Problem description
Pictures are to be omitted. Output only the lines from the one containing "Standard Room, 2 Queen Beds, Non Smoking" through the end of the data, word for word.

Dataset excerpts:

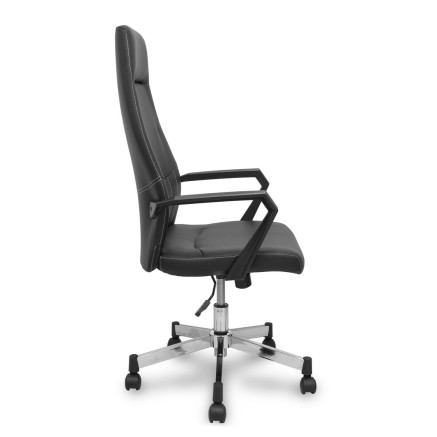 Bürostuhl Foröl 840CRRN Schwarz 2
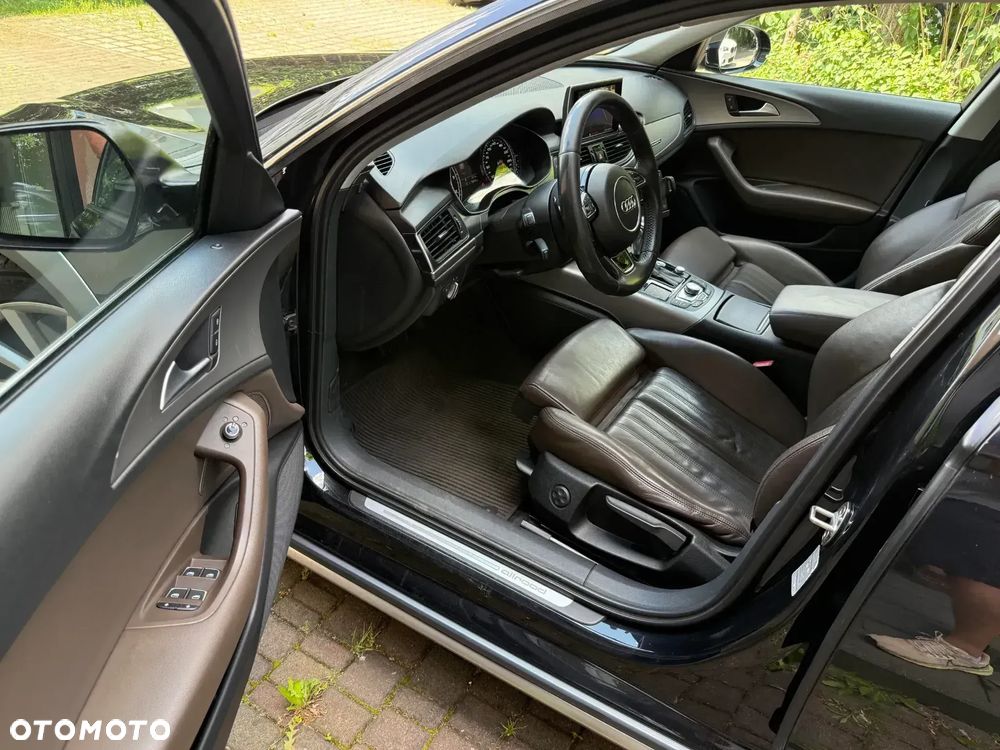 Audi A6 Allroad 3.0 TDI Quattro Tiptr - 16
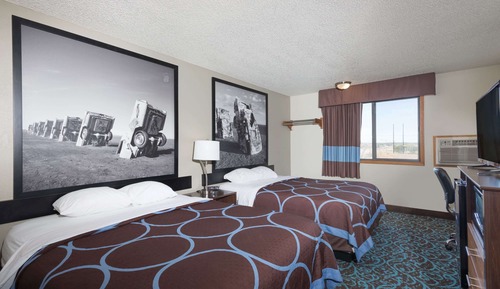 Standard Room, 2 Queen Beds, Non Smoking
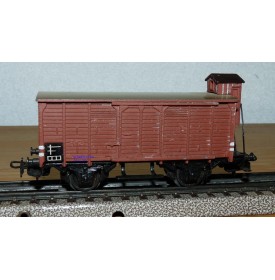 Märklin 48944 wagons plats type Bt 10 conteneurs à bière Königsbacher DB BO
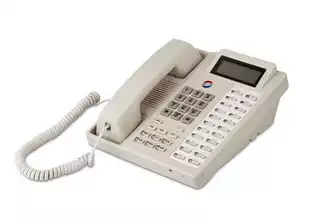 Guowei era telephone exchange WS848-1 type 16 key dedicated wired telephone front desk digital telephone transfer fast
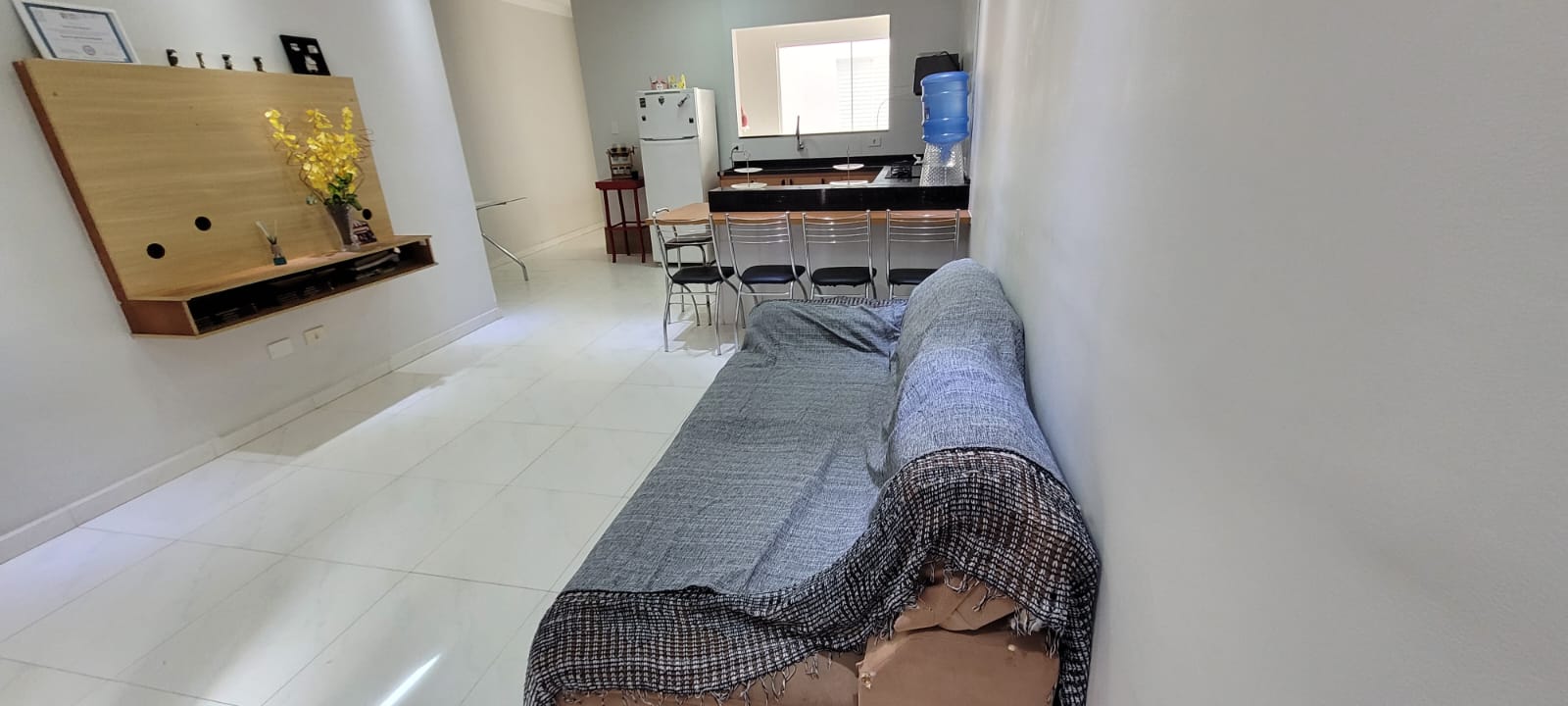 Apartamento à Venda no Bairro Recanto das Primaveras II em Boituva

Exercise solution
 Standard Room, 2 Queen Beds, Non Smoking
 Märklin 48944 wagons plats type Bt 10 conteneurs à bière Königsbacher DB BO
 Guowei era telephone exchange WS848-1 type 16 key dedicated wired telephone front desk digital telephone transfer fast
 Apartamento à Venda no Bairro Recanto das Primaveras II em Boituva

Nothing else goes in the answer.